Élections 1 an après : Dirk De Block, Molenbeek

En octobre 2012, le PTB réalisait un score historique aux élections communales, passant de 16 à 52 élus. A Bruxelles et en Wallonie, les élus prêtaient serment il y a un an tout juste. Retour sur une année de combats dans les conseils communaux et, surtout, dans la rue. Ou comment faire de la politique autrement. « Rue-Conseil-rue », tel est le principe de base des conseillers communaux PTB. Ils se mobilisent avec les habitants de la commune (d’un quartier, d’une rue...) pour porter leurs questions, thèmes et revendications au conseil communal. Et ils reviennent ensuite vers les habitants pour communiquer les résultats, rendre compte de la situation et repartir à l’action.
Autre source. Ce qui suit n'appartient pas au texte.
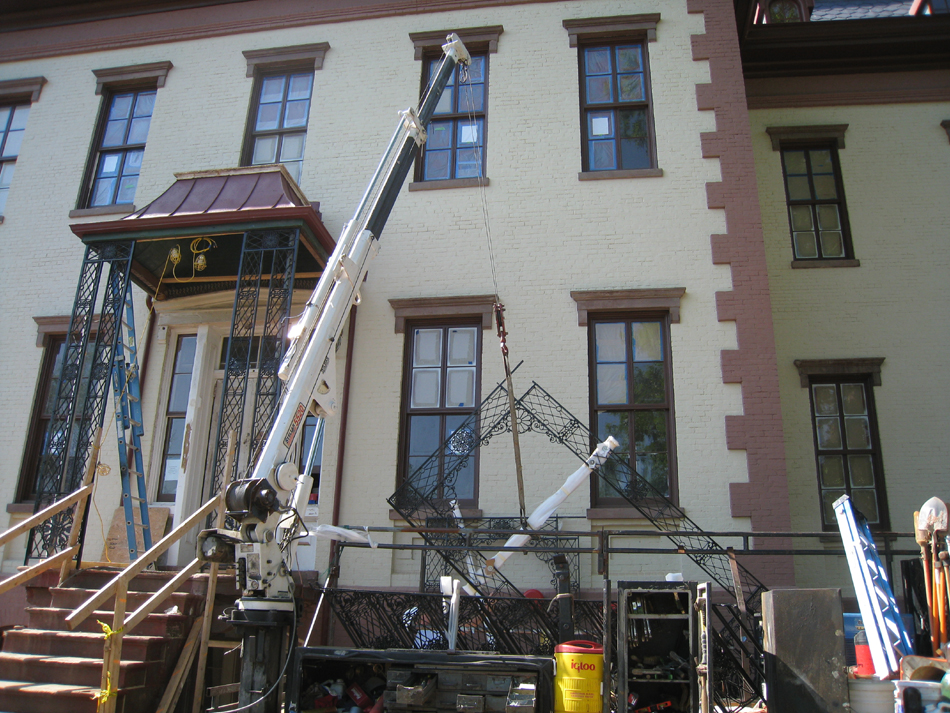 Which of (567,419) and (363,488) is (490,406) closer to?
(567,419)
Petit tour d’horizon de certains élus des communes wallonnes et bruxelloises.

 

Dirk De Block, Molenbeek

« Globalement, nous avons pu imposer un certain respect envers le PTB. Les dossiers sur lesquels on intervient sont des sujets que l’on maîtrise et on mobilise la population. On l’a fait plusieurs fois, pour une question d’insalubrité dans des logements sociaux, pour les classes bilingues, pour les frais de garderie qui deviennent payants.
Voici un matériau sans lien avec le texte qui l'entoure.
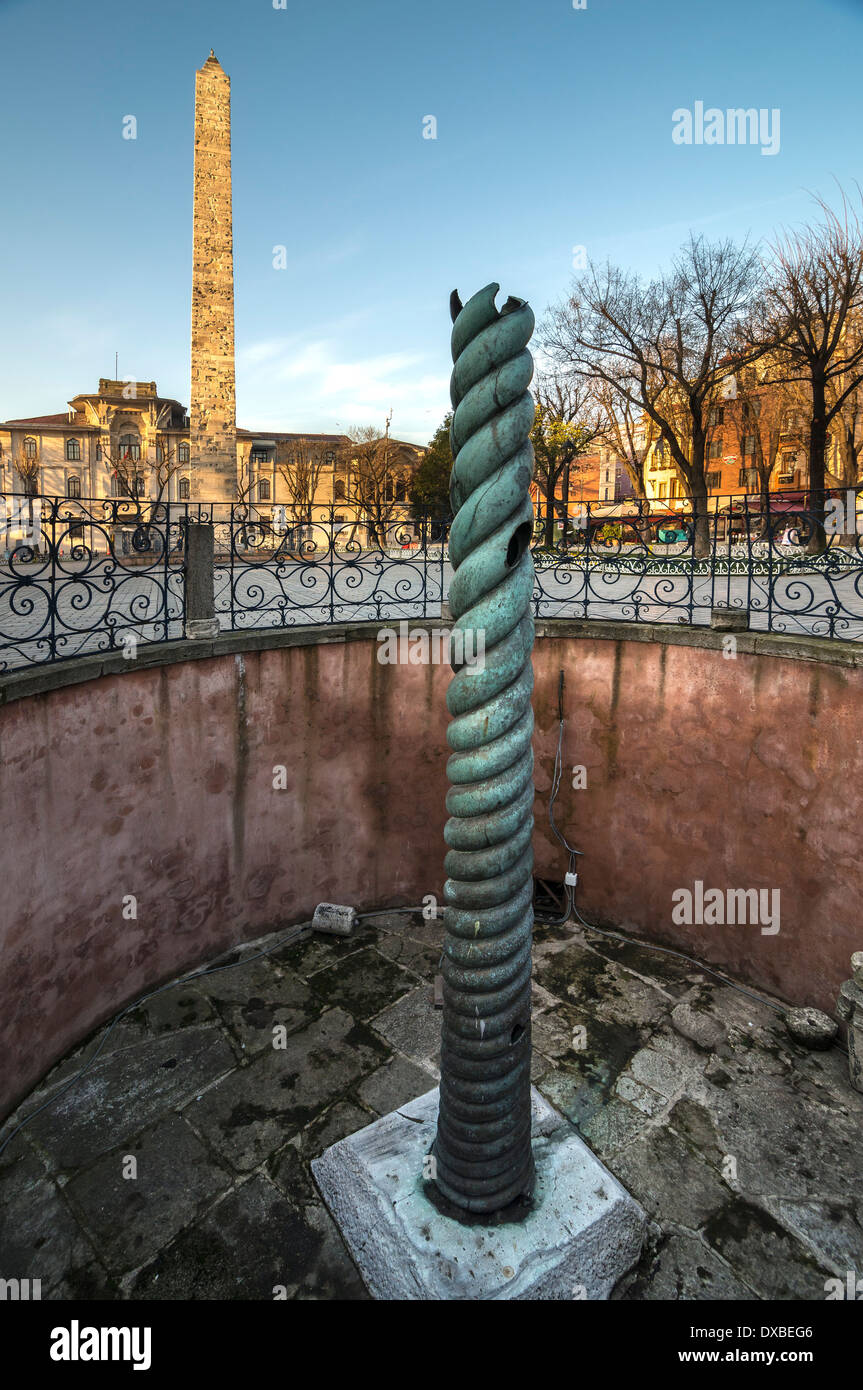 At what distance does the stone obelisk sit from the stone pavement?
16.8 metres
    Le PTB ramène du monde au conseil communal. La dernière fois, on a dû donner nos chaises au public car il n’y en avait pas assez. Le MR, à l’avant-dernier conseil, où on avait mobilisé à fond, a dit qu’il voulait discuter en toute tranquillité, en toute sérénité. Sans les gens, en fait. Si vous devez prendre des mesures antipopulaires, c’est plus agréable sans le public. On a dû se battre pour que les points qui concernent les habitants arrivent en début de séance quand les gens sont présents et non à la fin, après minuit. Ils refusent à chaque fois, c’est “non, les motions, les interpellations de l’opposition ne méritent pas d’être discutées en présence du peuple”.
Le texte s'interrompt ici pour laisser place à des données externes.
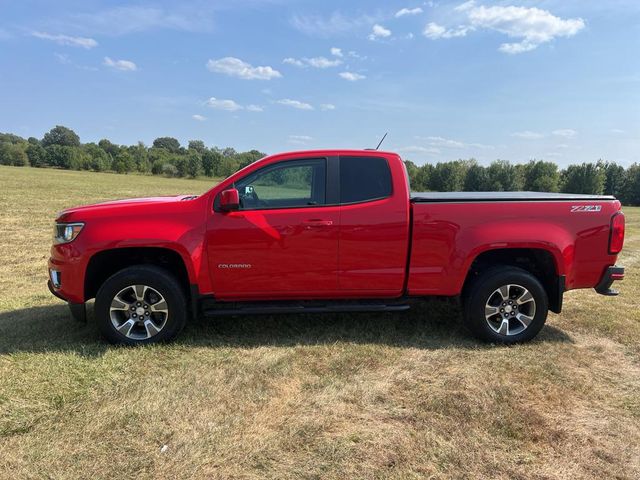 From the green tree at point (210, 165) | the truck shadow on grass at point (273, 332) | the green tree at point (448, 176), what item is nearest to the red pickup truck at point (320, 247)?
the truck shadow on grass at point (273, 332)

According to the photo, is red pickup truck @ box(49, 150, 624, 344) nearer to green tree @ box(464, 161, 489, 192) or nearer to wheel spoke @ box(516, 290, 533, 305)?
wheel spoke @ box(516, 290, 533, 305)

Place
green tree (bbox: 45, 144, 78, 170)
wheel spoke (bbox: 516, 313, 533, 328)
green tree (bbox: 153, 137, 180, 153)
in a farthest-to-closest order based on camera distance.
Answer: green tree (bbox: 153, 137, 180, 153), green tree (bbox: 45, 144, 78, 170), wheel spoke (bbox: 516, 313, 533, 328)

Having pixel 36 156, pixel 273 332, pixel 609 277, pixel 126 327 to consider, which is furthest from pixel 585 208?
pixel 36 156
    On a beaucoup mobilisé sur le logement, sur l’enseignement, … Avec notre campagne sur les classes bilingues, nous avons participé à une réunion avec les directeurs d’écoles qui étaient motivés par le projet. Nos propositions font du chemin. Et, sur le plan de mobilité communale, au moment de la réunion d’information, nous avons dit que c’était encore surtaxer les gens, car ils voulaient couper Molenbeek en zones et chaque carte de riverain n’était valable que dans une zone. On a pu soulever ce point et, finalement, la majorité a suivi cet avis et a demandé à la Région de ne pas couper la commune en zones. Si on n’avait pas été là, cela n’aurait même pas été discuté. Les conseillers font une confiance aveugle à leur majorité. 
    J’essaie de pousser le Collège à se battre pour les moyens auxquels les Molenbeekois ont droit. Car la bourgmestre, Françoise Schepmans (MR), je l’entends quand il faut demander plus de moyens pour les caméras de surveillance et pour la police, mais jamais pour plus de moyens pour les écoles, la commune, le CPAS… Jamais. »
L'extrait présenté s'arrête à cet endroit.